WHAT IS NEEDED ▸
Set each entry down verbatim, omitting images.

DATA IN THIS EXERCISE ▸
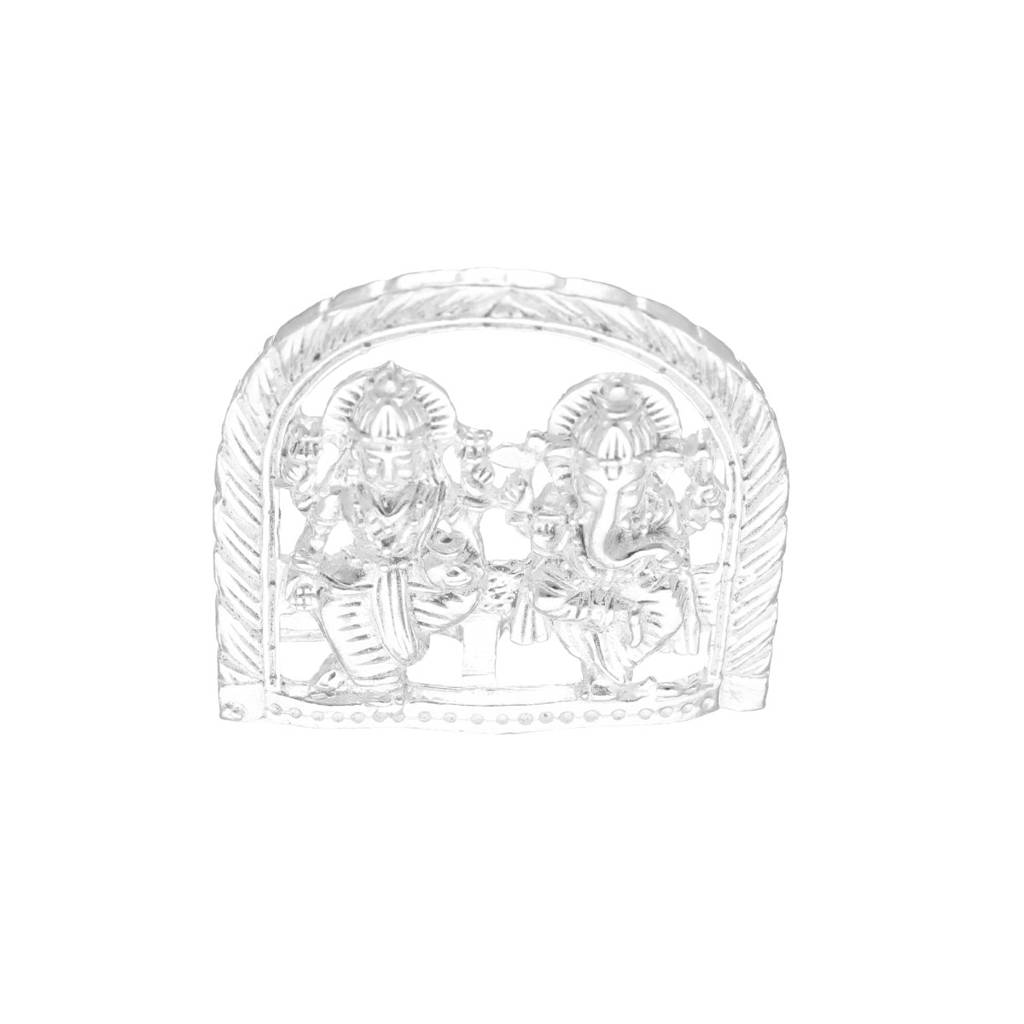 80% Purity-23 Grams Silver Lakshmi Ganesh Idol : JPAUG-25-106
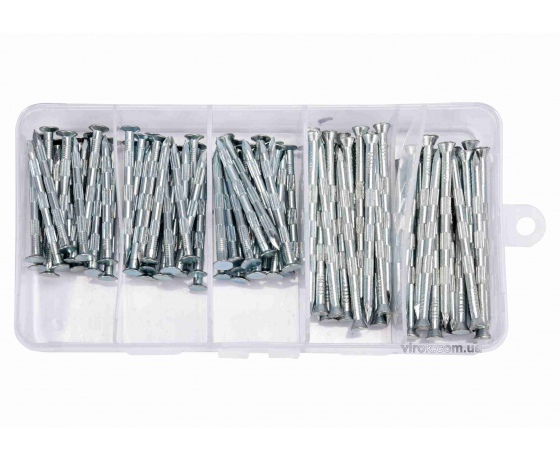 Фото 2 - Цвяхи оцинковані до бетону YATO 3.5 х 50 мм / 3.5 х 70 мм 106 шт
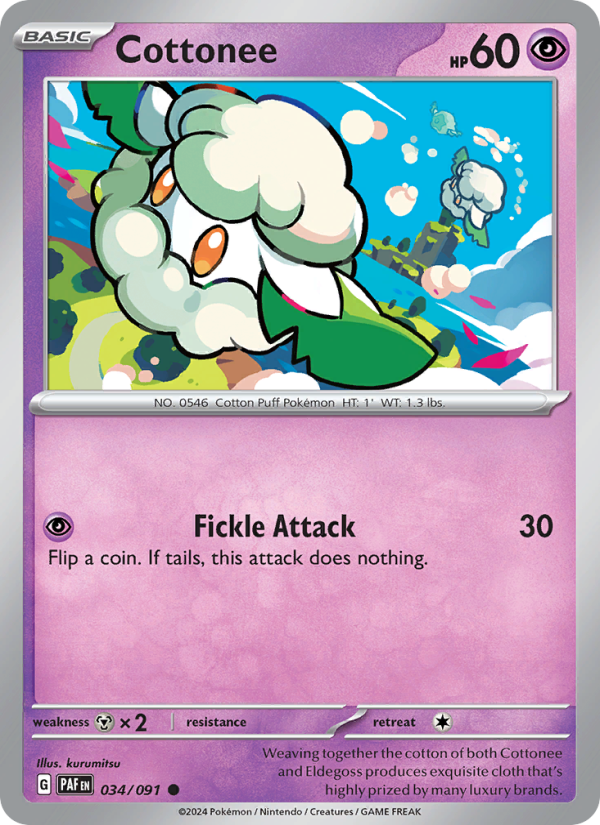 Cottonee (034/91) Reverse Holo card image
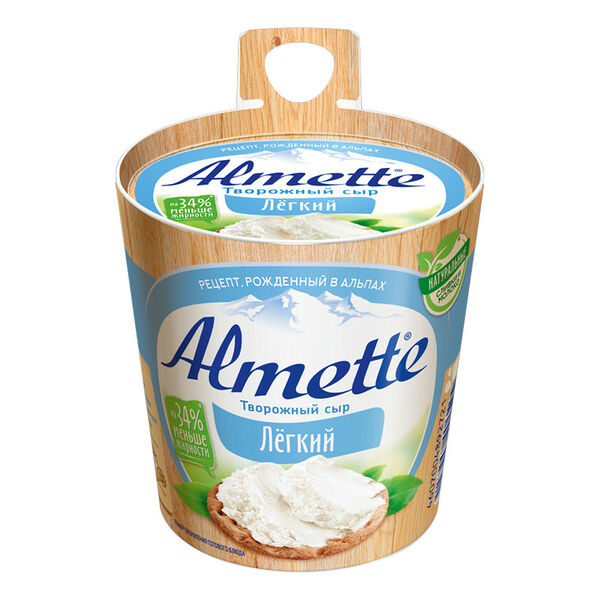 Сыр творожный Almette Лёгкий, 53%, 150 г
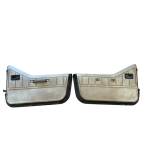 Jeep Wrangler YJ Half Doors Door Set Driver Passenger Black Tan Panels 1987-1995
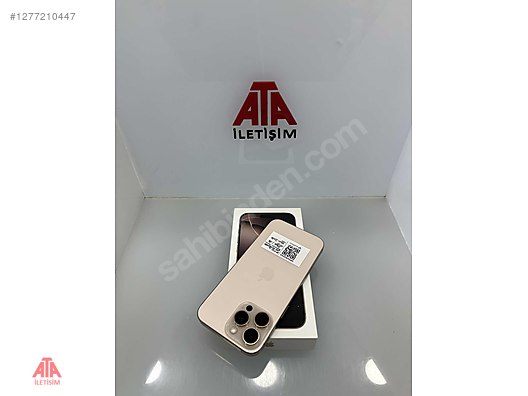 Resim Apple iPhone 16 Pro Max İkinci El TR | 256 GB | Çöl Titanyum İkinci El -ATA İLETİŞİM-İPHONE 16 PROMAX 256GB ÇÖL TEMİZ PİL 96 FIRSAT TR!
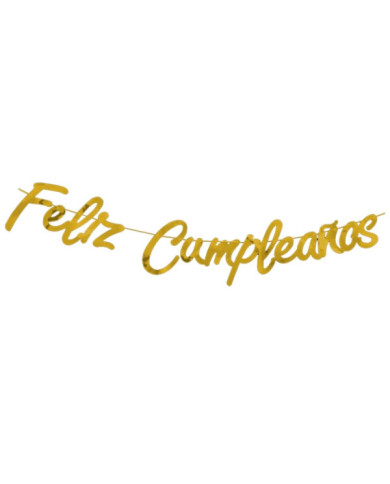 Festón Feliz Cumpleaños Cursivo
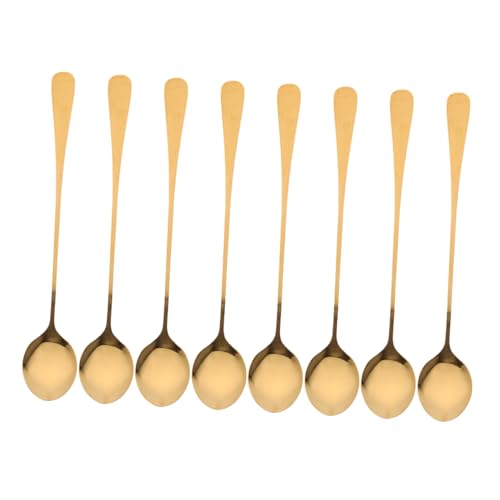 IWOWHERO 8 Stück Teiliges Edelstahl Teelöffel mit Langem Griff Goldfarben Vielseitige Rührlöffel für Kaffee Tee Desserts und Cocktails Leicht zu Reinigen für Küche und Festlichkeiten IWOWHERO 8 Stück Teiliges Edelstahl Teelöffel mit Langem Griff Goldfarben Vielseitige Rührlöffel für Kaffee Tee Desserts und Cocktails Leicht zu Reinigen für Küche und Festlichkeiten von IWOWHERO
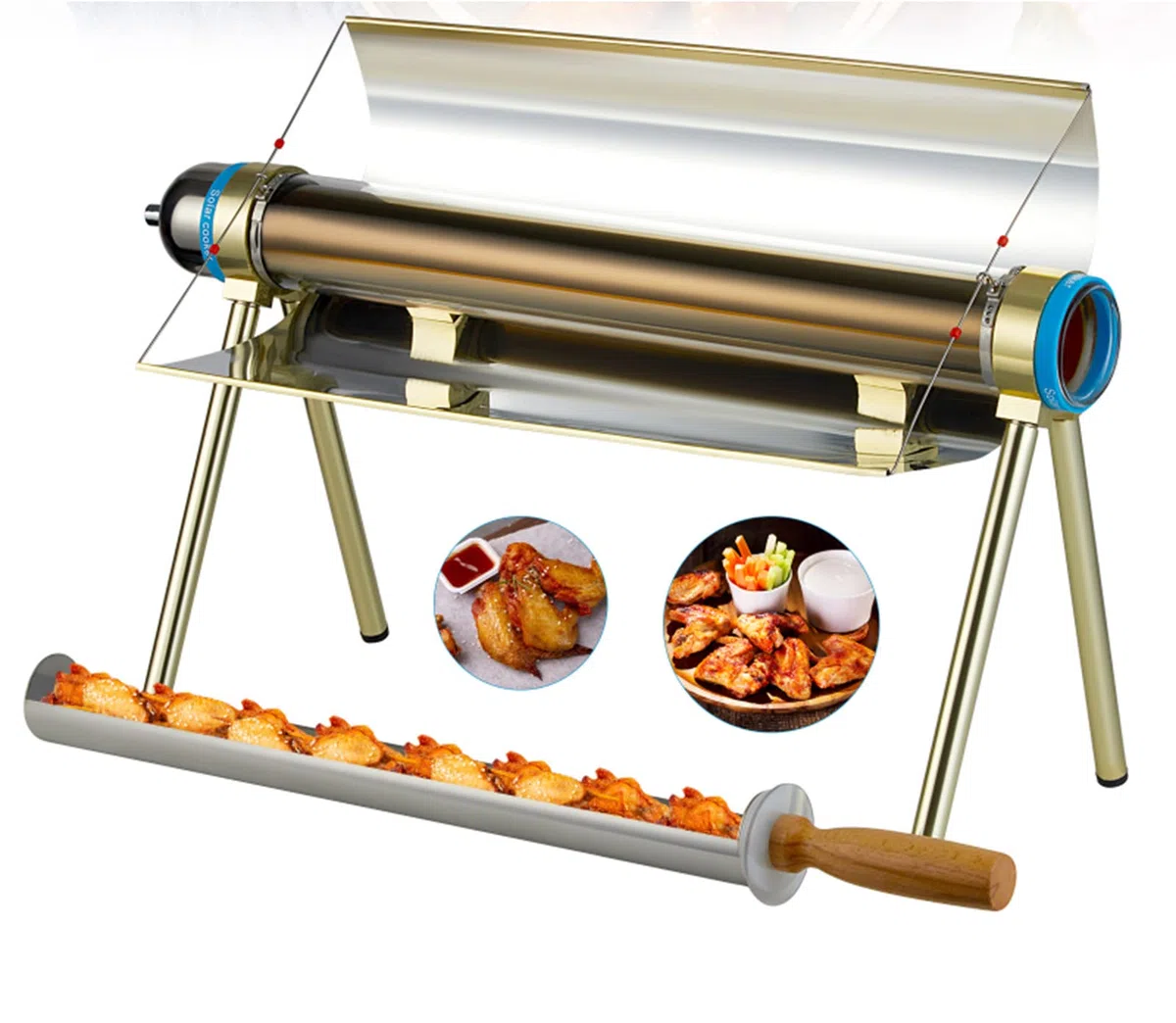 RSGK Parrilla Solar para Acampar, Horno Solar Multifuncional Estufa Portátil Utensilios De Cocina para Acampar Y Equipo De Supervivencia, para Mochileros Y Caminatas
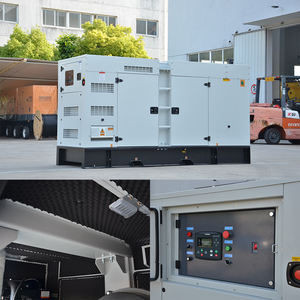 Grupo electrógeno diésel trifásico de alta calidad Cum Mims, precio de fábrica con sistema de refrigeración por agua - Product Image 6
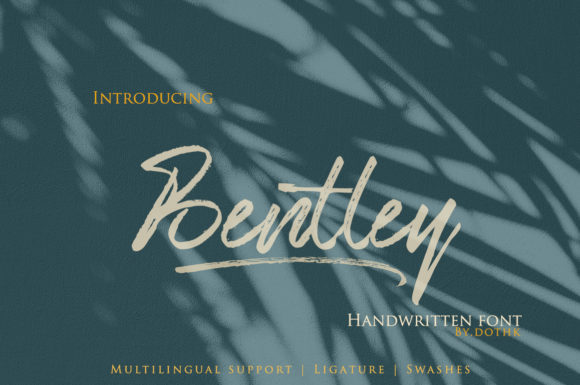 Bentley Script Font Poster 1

EXPECTED ANSWER ▸
 80% Purity-23 Grams Silver Lakshmi Ganesh Idol : JPAUG-25-106
 Фото 2 - Цвяхи оцинковані до бетону YATO 3.5 х 50 мм / 3.5 х 70 мм 106 шт
 Cottonee (034/91) Reverse Holo card image
 Сыр творожный Almette Лёгкий, 53%, 150 г
 Jeep Wrangler YJ Half Doors Door Set Driver Passenger Black Tan Panels 1987-1995
 Resim Apple iPhone 16 Pro Max İkinci El TR | 256 GB | Çöl Titanyum İkinci El -ATA İLETİŞİM-İPHONE 16 PROMAX 256GB ÇÖL TEMİZ PİL 96 FIRSAT TR!
 Festón Feliz Cumpleaños Cursivo
 IWOWHERO 8 Stück Teiliges Edelstahl Teelöffel mit Langem Griff Goldfarben Vielseitige Rührlöffel für Kaffee Tee Desserts und Cocktails Leicht zu Reinigen für Küche und Festlichkeiten IWOWHERO 8 Stück Teiliges Edelstahl Teelöffel mit Langem Griff Goldfarben Vielseitige Rührlöffel für Kaffee Tee Desserts und Cocktails Leicht zu Reinigen für Küche und Festlichkeiten von IWOWHERO
 RSGK Parrilla Solar para Acampar, Horno Solar Multifuncional Estufa Portátil Utensilios De Cocina para Acampar Y Equipo De Supervivencia, para Mochileros Y Caminatas
 Grupo electrógeno diésel trifásico de alta calidad Cum Mims, precio de fábrica con sistema de refrigeración por agua - Product Image 6
 Bentley Script Font Poster 1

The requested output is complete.